■ Work to complete ■
Strip out all images, then restate the data verbatim.

■ Data excerpt ■
═══

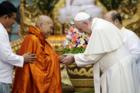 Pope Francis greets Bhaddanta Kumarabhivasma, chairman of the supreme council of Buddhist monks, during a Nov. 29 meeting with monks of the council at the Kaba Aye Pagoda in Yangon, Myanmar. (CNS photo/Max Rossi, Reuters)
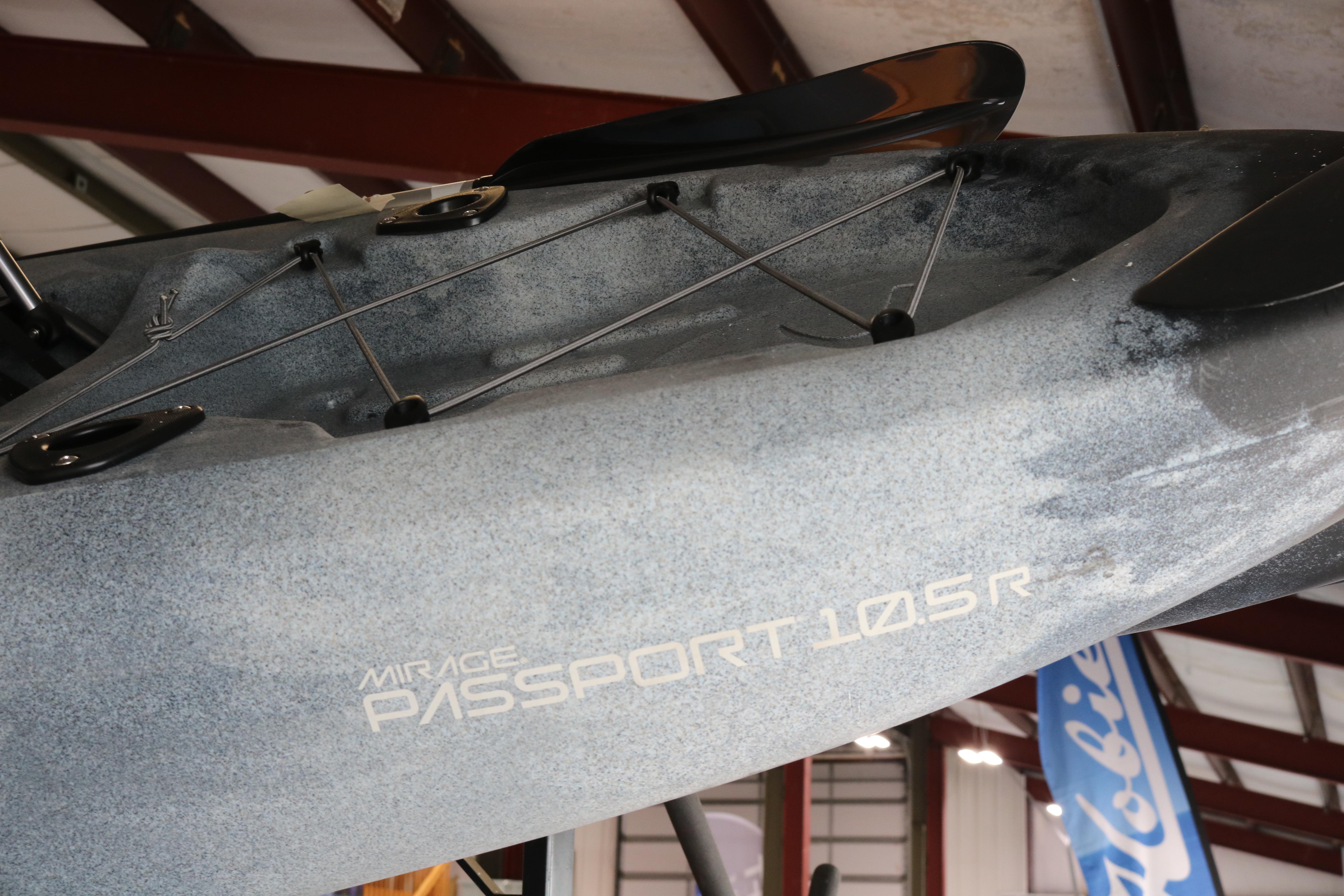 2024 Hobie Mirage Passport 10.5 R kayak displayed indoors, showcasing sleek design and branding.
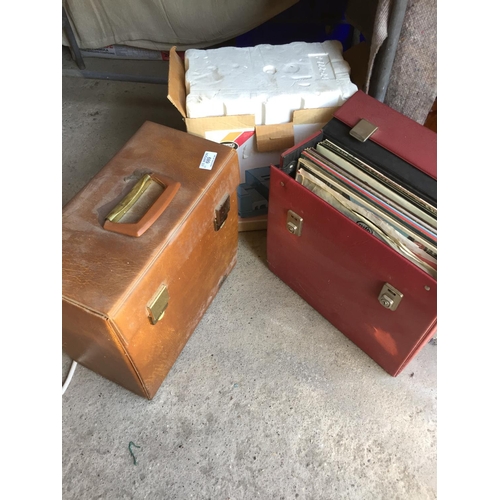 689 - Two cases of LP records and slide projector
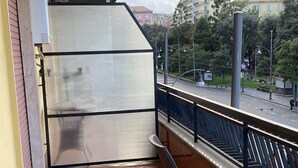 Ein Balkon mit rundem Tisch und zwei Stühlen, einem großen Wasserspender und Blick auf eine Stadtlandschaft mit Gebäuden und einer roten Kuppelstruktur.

═══

■ Task output ■
 Pope Francis greets Bhaddanta Kumarabhivasma, chairman of the supreme council of Buddhist monks, during a Nov. 29 meeting with monks of the council at the Kaba Aye Pagoda in Yangon, Myanmar. (CNS photo/Max Rossi, Reuters)
 2024 Hobie Mirage Passport 10.5 R kayak displayed indoors, showcasing sleek design and branding.
 689 - Two cases of LP records and slide projector
 Ein Balkon mit rundem Tisch und zwei Stühlen, einem großen Wasserspender und Blick auf eine Stadtlandschaft mit Gebäuden und einer roten Kuppelstruktur.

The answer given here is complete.